§ **To do**
Produce as output only the lines below starting at the line with "第100话 新晋弟子40" and continuing through the line with "欧文的心脏 - 再来一拳 - 第12页", each one exactly as written.

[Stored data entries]
- Opening Delimiter -

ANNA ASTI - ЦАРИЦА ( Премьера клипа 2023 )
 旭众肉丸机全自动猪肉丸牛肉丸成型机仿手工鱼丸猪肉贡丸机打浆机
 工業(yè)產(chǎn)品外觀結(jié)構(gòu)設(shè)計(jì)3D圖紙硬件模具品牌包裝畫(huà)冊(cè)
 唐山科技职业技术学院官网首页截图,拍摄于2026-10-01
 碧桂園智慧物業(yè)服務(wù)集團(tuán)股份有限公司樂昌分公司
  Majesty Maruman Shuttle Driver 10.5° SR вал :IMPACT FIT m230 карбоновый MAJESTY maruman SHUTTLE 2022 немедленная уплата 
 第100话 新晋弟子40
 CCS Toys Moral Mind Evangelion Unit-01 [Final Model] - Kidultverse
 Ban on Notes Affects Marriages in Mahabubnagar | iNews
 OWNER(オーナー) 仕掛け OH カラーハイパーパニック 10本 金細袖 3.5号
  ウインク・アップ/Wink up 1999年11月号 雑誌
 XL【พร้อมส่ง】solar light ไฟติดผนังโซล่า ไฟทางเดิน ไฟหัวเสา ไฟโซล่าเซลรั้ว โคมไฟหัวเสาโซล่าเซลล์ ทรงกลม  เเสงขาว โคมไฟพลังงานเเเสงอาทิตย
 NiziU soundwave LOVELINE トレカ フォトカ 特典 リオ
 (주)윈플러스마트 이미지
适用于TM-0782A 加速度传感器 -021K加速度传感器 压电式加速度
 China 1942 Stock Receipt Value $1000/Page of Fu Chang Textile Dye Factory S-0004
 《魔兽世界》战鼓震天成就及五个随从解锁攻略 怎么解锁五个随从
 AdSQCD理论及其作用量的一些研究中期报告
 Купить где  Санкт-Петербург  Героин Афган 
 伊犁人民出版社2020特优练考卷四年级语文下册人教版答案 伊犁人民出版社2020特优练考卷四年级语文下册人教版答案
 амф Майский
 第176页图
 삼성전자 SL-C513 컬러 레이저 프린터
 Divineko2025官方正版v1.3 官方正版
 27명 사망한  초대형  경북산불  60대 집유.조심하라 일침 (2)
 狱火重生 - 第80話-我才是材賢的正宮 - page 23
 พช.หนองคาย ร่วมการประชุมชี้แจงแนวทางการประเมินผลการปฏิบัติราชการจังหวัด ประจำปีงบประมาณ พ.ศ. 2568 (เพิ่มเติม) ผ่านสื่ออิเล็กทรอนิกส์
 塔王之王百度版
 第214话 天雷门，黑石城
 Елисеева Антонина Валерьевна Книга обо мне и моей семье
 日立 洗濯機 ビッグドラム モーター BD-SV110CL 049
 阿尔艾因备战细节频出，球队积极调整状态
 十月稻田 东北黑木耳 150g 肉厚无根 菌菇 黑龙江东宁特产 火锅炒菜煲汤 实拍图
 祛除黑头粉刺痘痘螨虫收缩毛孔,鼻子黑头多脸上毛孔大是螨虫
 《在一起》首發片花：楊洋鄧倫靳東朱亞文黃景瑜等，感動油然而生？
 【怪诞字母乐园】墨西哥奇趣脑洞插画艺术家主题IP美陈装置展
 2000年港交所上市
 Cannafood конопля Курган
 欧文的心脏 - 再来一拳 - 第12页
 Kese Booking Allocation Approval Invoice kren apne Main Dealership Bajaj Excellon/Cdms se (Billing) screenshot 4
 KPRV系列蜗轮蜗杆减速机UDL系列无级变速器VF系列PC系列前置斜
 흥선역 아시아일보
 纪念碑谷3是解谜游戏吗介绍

- Closing Delimiter -

§ **Final answer**
 第100话 新晋弟子40
 CCS Toys Moral Mind Evangelion Unit-01 [Final Model] - Kidultverse
 Ban on Notes Affects Marriages in Mahabubnagar | iNews
 OWNER(オーナー) 仕掛け OH カラーハイパーパニック 10本 金細袖 3.5号
  ウインク・アップ/Wink up 1999年11月号 雑誌
 XL【พร้อมส่ง】solar light ไฟติดผนังโซล่า ไฟทางเดิน ไฟหัวเสา ไฟโซล่าเซลรั้ว โคมไฟหัวเสาโซล่าเซลล์ ทรงกลม  เเสงขาว โคมไฟพลังงานเเเสงอาทิตย
 NiziU soundwave LOVELINE トレカ フォトカ 特典 リオ
 (주)윈플러스마트 이미지
适用于TM-0782A 加速度传感器 -021K加速度传感器 压电式加速度
 China 1942 Stock Receipt Value $1000/Page of Fu Chang Textile Dye Factory S-0004
 《魔兽世界》战鼓震天成就及五个随从解锁攻略 怎么解锁五个随从
 AdSQCD理论及其作用量的一些研究中期报告
 Купить где  Санкт-Петербург  Героин Афган 
 伊犁人民出版社2020特优练考卷四年级语文下册人教版答案 伊犁人民出版社2020特优练考卷四年级语文下册人教版答案
 амф Майский
 第176页图
 삼성전자 SL-C513 컬러 레이저 프린터
 Divineko2025官方正版v1.3 官方正版
 27명 사망한  초대형  경북산불  60대 집유.조심하라 일침 (2)
 狱火重生 - 第80話-我才是材賢的正宮 - page 23
 พช.หนองคาย ร่วมการประชุมชี้แจงแนวทางการประเมินผลการปฏิบัติราชการจังหวัด ประจำปีงบประมาณ พ.ศ. 2568 (เพิ่มเติม) ผ่านสื่ออิเล็กทรอนิกส์
 塔王之王百度版
 第214话 天雷门，黑石城
 Елисеева Антонина Валерьевна Книга обо мне и моей семье
 日立 洗濯機 ビッグドラム モーター BD-SV110CL 049
 阿尔艾因备战细节频出，球队积极调整状态
 十月稻田 东北黑木耳 150g 肉厚无根 菌菇 黑龙江东宁特产 火锅炒菜煲汤 实拍图
 祛除黑头粉刺痘痘螨虫收缩毛孔,鼻子黑头多脸上毛孔大是螨虫
 《在一起》首發片花：楊洋鄧倫靳東朱亞文黃景瑜等，感動油然而生？
 【怪诞字母乐园】墨西哥奇趣脑洞插画艺术家主题IP美陈装置展
 2000年港交所上市
 Cannafood конопля Курган
 欧文的心脏 - 再来一拳 - 第12页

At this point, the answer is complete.